Exploiting Sequence Number Leakage: TCP Hijacking in NAT-Enabled Wi-Fi Networks
- URL: http://arxiv.org/abs/2404.04601v1
- Date: Sat, 6 Apr 2024 11:59:35 GMT
- Title: Exploiting Sequence Number Leakage: TCP Hijacking in NAT-Enabled Wi-Fi Networks
- Authors: Yuxiang Yang, Xuewei Feng, Qi Li, Kun Sun, Ziqiang Wang, Ke Xu,
- Abstract summary: We uncover a new side-channel vulnerability in the widely used NAT port preservation strategy and an insufficient reverse path validation strategy of Wi-Fi routers.
Off-path attackers can infer if there is one victim client in the same network communicating with another host on the Internet using TCP.
We test 67 widely used routers from 30 vendors and discover that 52 of them are affected by this attack.

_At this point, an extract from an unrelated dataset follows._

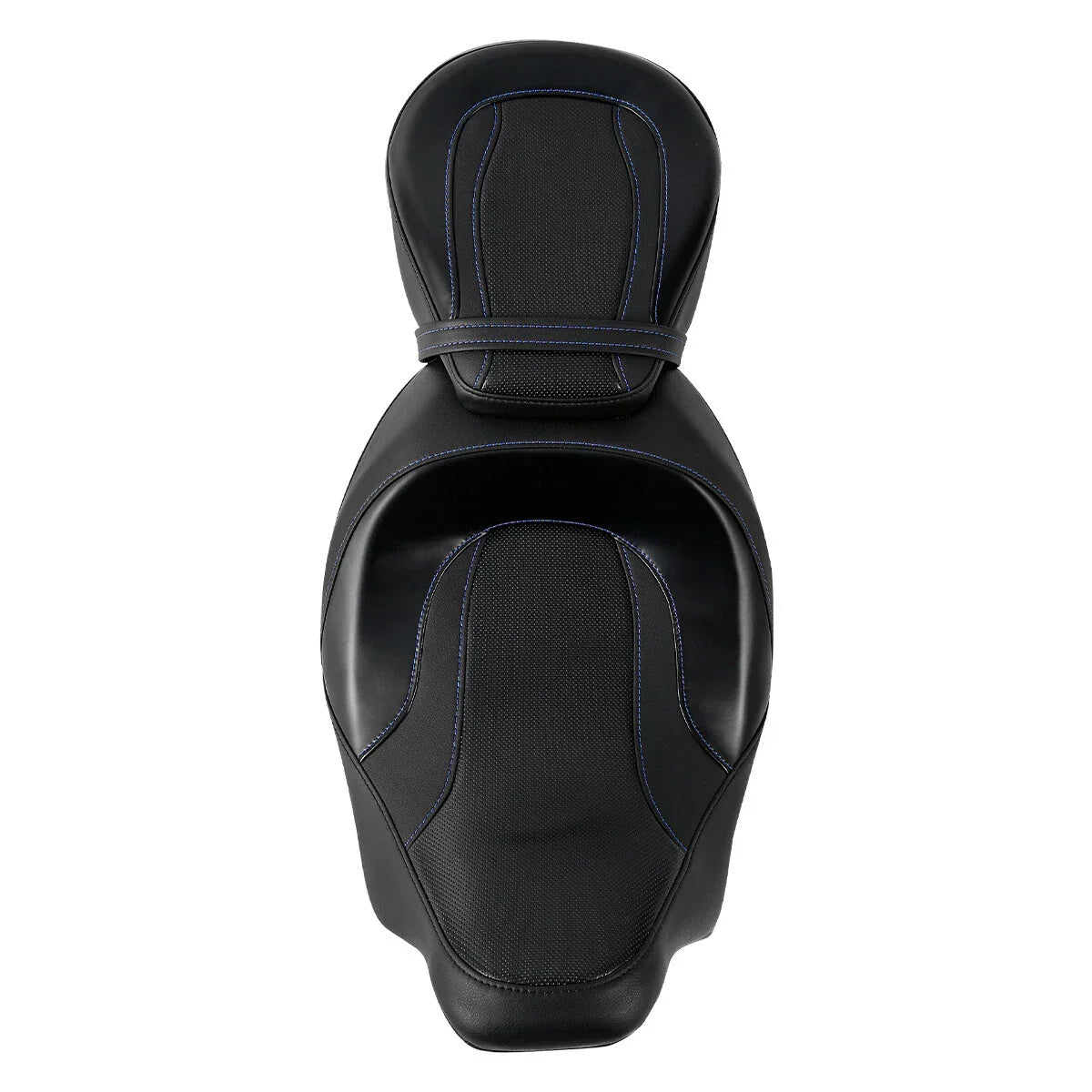 Driver & Passenger Seats for Harley Street Glide FLHX (2009 - 2023)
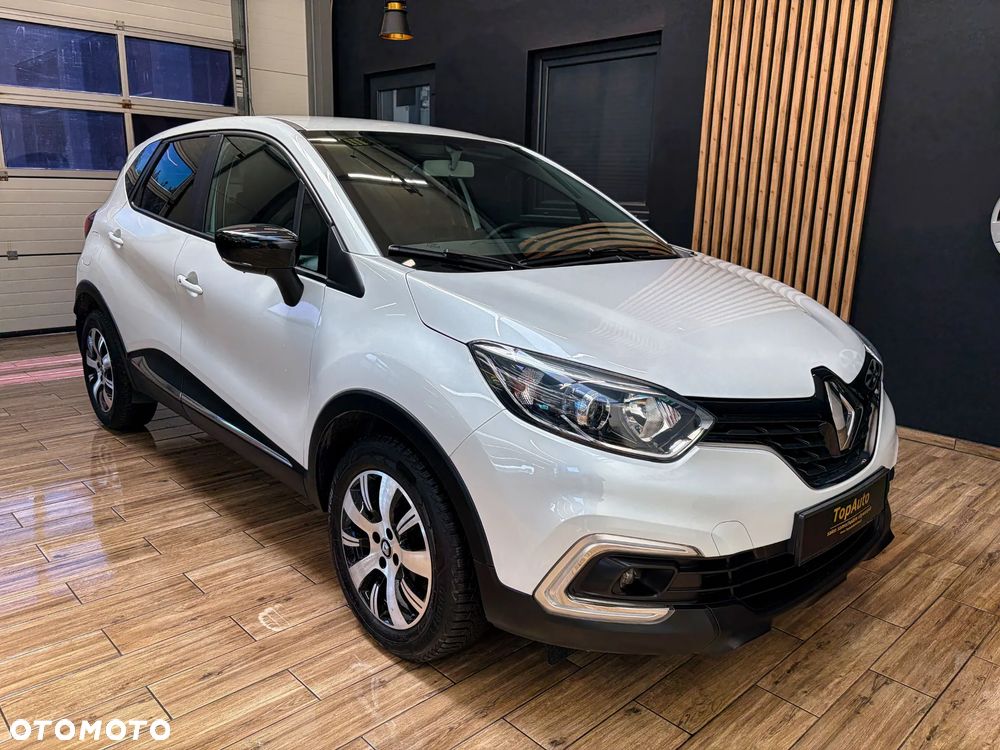 Renault Captur 0.9 Energy TCe Intens - 5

- Score: 22.72218888270886
- License: http://arxiv.org/licenses/nonexclusive-distrib/1.0/
- Abstract: In this paper, we uncover a new side-channel vulnerability in the widely used NAT port preservation strategy and an insufficient reverse path validation strategy of Wi-Fi routers, which allows an off-path attacker to infer if there is one victim client in the same network communicating with another host on the Internet using TCP. After detecting the presence of TCP connections between the victim client and the server, the attacker can evict the original NAT mapping and reconstruct a new mapping at the router by sending fake TCP packets due to the routers' vulnerability of disabling TCP window tracking strategy, which has been faithfully implemented in most of the routers for years. In this way, the attacker can intercept TCP packets from the server and obtain the current sequence and acknowledgment numbers, which in turn allows the attacker to forcibly close the connection, poison the traffic in plain text, or reroute the server's incoming packets to the attacker. We test 67 widely used routers from 30 vendors and discover that 52 of them are affected by this attack. Also, we conduct an extensive measurement study on 93 real-world Wi-Fi networks. The experimental results show that 75 of these evaluated Wi-Fi networks (81%) are fully vulnerable to our attack. Our case study shows that it takes about 17.5, 19.4, and 54.5 seconds on average to terminate an SSH connection, download private files from FTP servers, and inject fake HTTP response packets with success rates of 87.4%, 82.6%, and 76.1%. We responsibly disclose the vulnerability and suggest mitigation strategies to all affected vendors and have received positive feedback, including acknowledgments, CVEs, rewards, and adoption of our suggestions.